What’s being held ransom by one or more cyberattackers is the city’s ability to operate all its computer systems. A week ago, some city bill-pay websites were shut down, cops were writing reports by hand, some municipal court operations came to a halt and and city staff couldn’t access some of their own documents. The city has yet to recover.
City Councilman Howard Shook told the New Yorker that 16 years of his official information was gone: emails, contacts, files.
Bottoms said the city is working with public and private partners including companies, Georgia Tech and federal agencies to get the city back in IT-working order. She said there’s a lot that needs to be done with the city’s digital infrastructure and the ransomware attack has sped that up.

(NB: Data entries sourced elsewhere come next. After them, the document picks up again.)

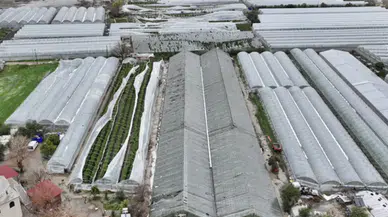 Antalya'da sel felaketi İle Bakan'dan destek açıklaması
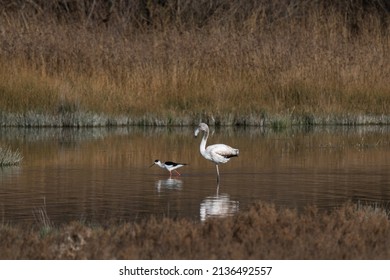 Un par de pájaros; gacetilla y flamenco, paseando por la laguna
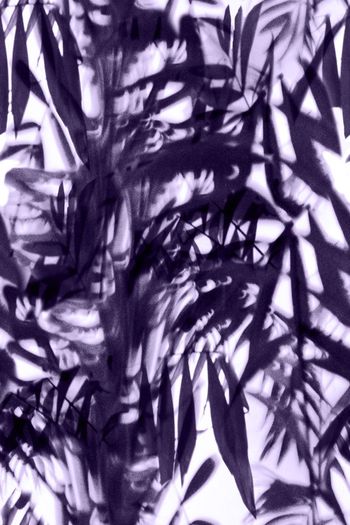 547427-水墨 写意 手绘 单色 竹叶 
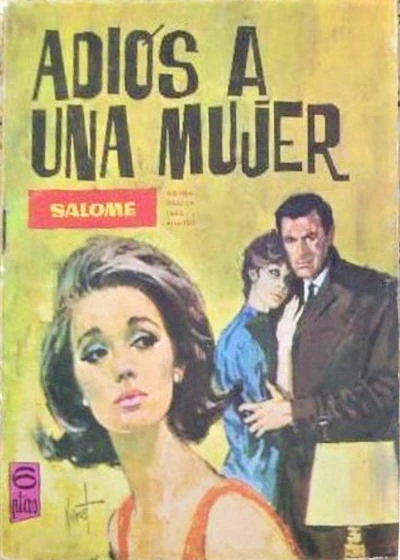 Cover of Adiós a una mujer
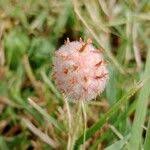 Attēlu rezultāti vaicājumam “Trifolium fragiferum fruit”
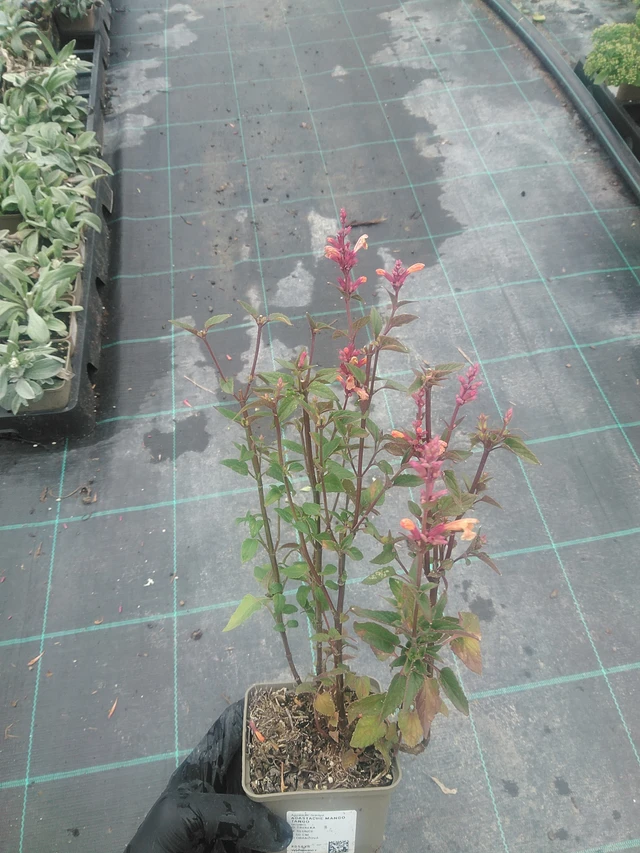 Iisoppi Mango Tango - 10. 9. 2025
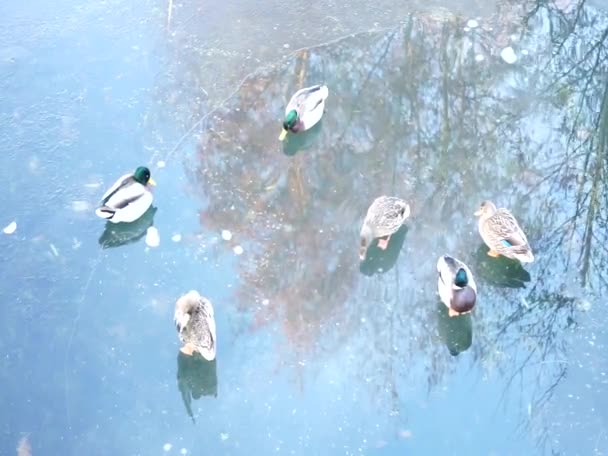 Cisnes Blancos Mudos Ánades Reales Fochas Encuentran Río Congelado Wuhle — Vídeo de stock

Asked if the city would pay the ransom, Bottoms said that nothing is off the table.
The reported ransom demand of $51,000 for a city with $170 million in reserves is like a hacker holding a family’s data hostage for the price of a lunch, according to Chris M. Roberts, an analyst at Georgia Tech’s Institute for Information Security and Privacy. In a post on a Georgia Tech website, he asked whether the city should have just paid up and gotten back to work. In either case, he said, nothing is stopping another attack until the vulnerabilities are patched.
But he wrote that maybe the city should be thanking the hackers for forcing an investment in IT security.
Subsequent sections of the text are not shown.